A NEW LITURGICAL YEAR

 

A NEW LITURGICAL YEAR

            The Church follows a liturgical and seasonal pattern of worship because God revealed to the Hebrews that this is the way he wants to be worshipped.  When they escaped from Egypt and Pharaoh’s army God led them to Mount Sinai to make a covenant with them and form them into his people.  Moses ascended the mountain to receive the Ten Commandments and instructions on the form of worship that would seal and preserve the Covenant.  Fidelity to the liturgical laws was synonymous with fidelity to the Covenant.  Besides special days and seasons set in the Jewish calendar there was the weekly observance of the sabbath.  This pattern and cycle give both form and sense to the life of observant Jews, as the pattern and cycle of the Christian year gives form and sense to the lives of faithful Christians.    

            Jesus and his disciples followed the cycle of religious Jewish festivals.  We know that they also kept the sabbath because in the Gospels we often find them in a synagogue on the sabbath, even if their observance of the sabbath did not conform to the strict rules of the Pharisees.  There is no reason to assume that after the Resurrection and Ascension of Christ that his followers worshipped God only spontaneously and ceased all liturgical practices.  For example, in the Book of Acts we find Peter and the others worshipping in the Temple.  The sources of Christian antiquity provide clear evidence of organized, liturgical worship in the early Church, including the famous Didache, or “Teaching of the Twelve Apostles,” which was written in the first century.  It includes instructions for the celebration of Baptism and the Eucharist.

            For both Jews and Christians, the purpose of feasts and seasons is to commemorate God’s saving acts in significant moments of salvation history, to thank him for them, and to perpetuate their remembrance throughout the generations.  Their celebration is meant to bring into the present all their mystery and grace.  In this way the worshippers are better able to conform their lives to the truths they impart.  It is a divine pedagogy.  The acts of God become more than recorded history and dramatic stories.  They become alive in the lives of the faithful, as they celebrate the Passover as if it were the first Passover, or Christmas as if Jesus is born that very day.  This anamnesis, or calling to mind of a past event to make it present, is evident in the change to the prayer of consecration in the Mass of the Lord’s Supper on Holy Thursday: “On the day before he was to suffer for our salvation and the salvation of all, that is today, he took bread in his holy and venerable hands…”  

            The Second Vatican Council sums up the reason for the liturgical year in its “Constitution on the Sacred Liturgy” (Sacrosanctum Concilium #102):

Holy Mother Church is conscious that she must celebrate the saving work of her divine Spouse by devoutly recalling it on certain days throughout the course of the year.

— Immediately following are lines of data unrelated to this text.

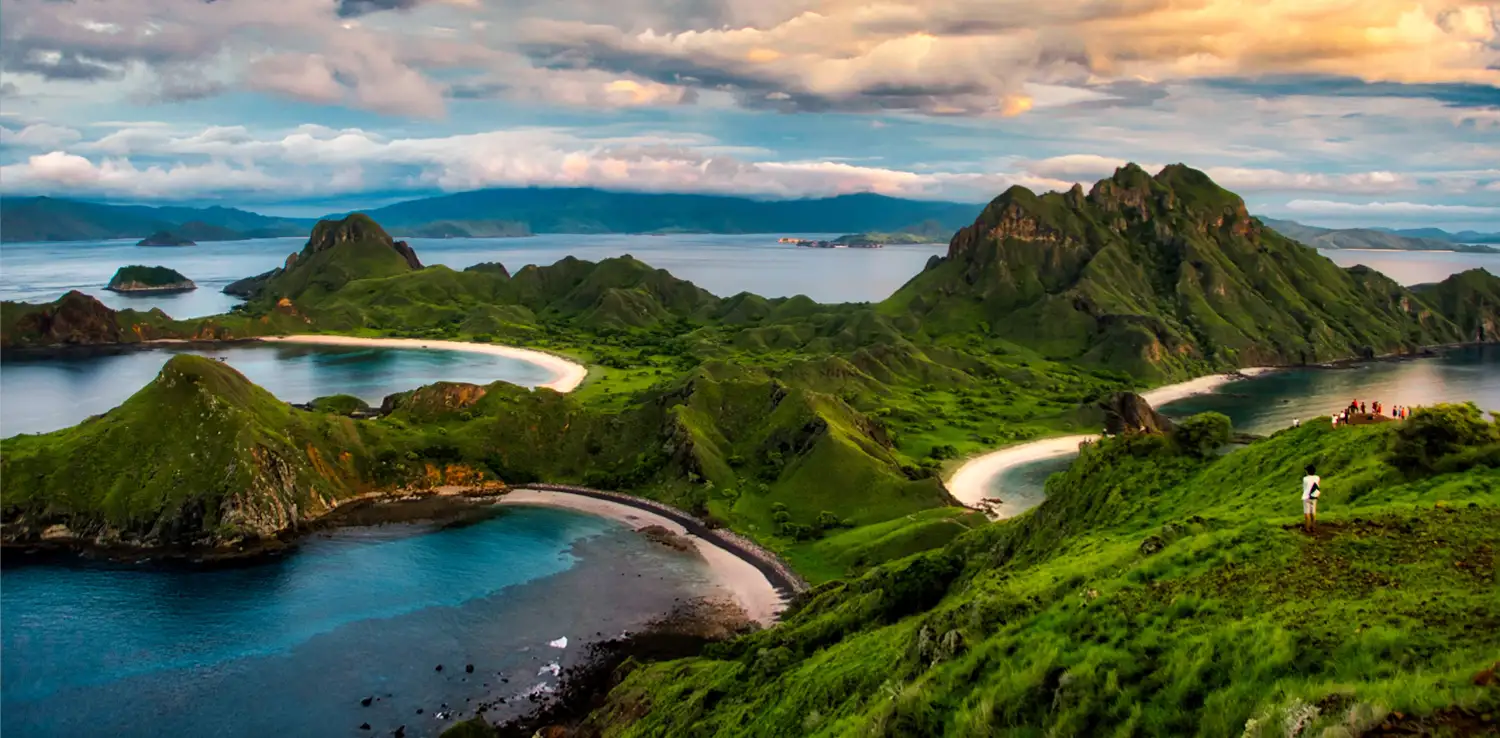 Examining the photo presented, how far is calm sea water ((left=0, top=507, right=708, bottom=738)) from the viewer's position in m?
74.7

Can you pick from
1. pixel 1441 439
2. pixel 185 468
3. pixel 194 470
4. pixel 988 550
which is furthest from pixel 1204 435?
pixel 185 468

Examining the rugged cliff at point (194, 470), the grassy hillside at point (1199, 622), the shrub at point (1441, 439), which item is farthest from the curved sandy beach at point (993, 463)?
the shrub at point (1441, 439)

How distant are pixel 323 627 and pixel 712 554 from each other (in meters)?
46.0

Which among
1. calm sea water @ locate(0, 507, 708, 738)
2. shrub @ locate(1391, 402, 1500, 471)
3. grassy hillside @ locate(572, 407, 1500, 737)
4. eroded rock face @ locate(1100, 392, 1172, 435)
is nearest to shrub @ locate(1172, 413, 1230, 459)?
grassy hillside @ locate(572, 407, 1500, 737)

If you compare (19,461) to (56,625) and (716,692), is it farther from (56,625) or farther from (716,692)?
(716,692)

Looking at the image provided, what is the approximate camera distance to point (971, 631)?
1394 inches

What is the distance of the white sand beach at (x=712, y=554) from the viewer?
97.6m

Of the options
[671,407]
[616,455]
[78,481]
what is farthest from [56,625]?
[671,407]

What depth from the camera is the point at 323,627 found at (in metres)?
90.7

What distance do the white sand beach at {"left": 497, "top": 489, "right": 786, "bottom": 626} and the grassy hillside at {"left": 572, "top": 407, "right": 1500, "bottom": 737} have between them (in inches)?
1489

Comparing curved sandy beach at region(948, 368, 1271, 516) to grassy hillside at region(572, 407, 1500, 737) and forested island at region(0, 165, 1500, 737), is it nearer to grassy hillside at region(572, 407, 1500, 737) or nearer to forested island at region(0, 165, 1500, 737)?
forested island at region(0, 165, 1500, 737)

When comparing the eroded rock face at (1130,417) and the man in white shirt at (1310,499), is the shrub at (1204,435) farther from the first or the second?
the eroded rock face at (1130,417)

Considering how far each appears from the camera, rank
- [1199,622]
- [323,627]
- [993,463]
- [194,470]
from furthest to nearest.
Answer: [993,463], [194,470], [323,627], [1199,622]

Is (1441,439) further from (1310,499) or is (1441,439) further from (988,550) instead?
(988,550) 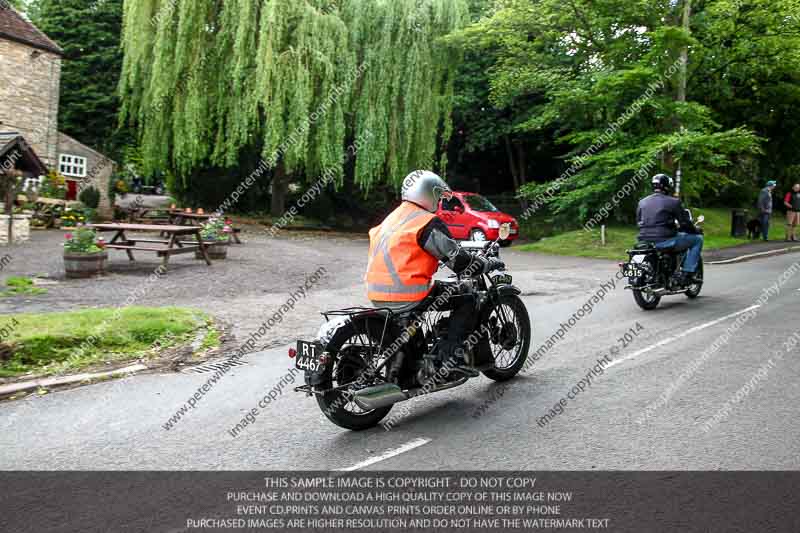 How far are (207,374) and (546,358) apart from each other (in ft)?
11.4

Every week, on the day which she has called the Lord's Day, she keeps the memory of the Lord's resurrection, which she also celebrates once in the year, together with His blessed Passion, in the most solemn festival of Easter.  Within the cycle of a year, moreover, she unfolds the whole mystery of Christ, from the Incarnation and Birth until the Ascension, the day of Pentecost, and the expectation of blessed hope and of the coming of the Lord.  Recalling thus the mysteries of redemption, the Church opens to the faithful the riches of her Lord's powers and merits, so that these are in some way made present for all time, and the faithful are enabled to lay hold upon them and become filled with saving grace.

As we begin a new year of grace with the First Sunday of Advent, let us ask the Lord to open our spirits to the graces he would give us in this holy season, in which we enter into spiritual communion with the holy men and women of the generations before Christ, who looked with anticipation to the coming of the Messiah.  Let us also liven our hope and expectation for that yet-to-be glorious day when Christ will come to judge the living and the dead.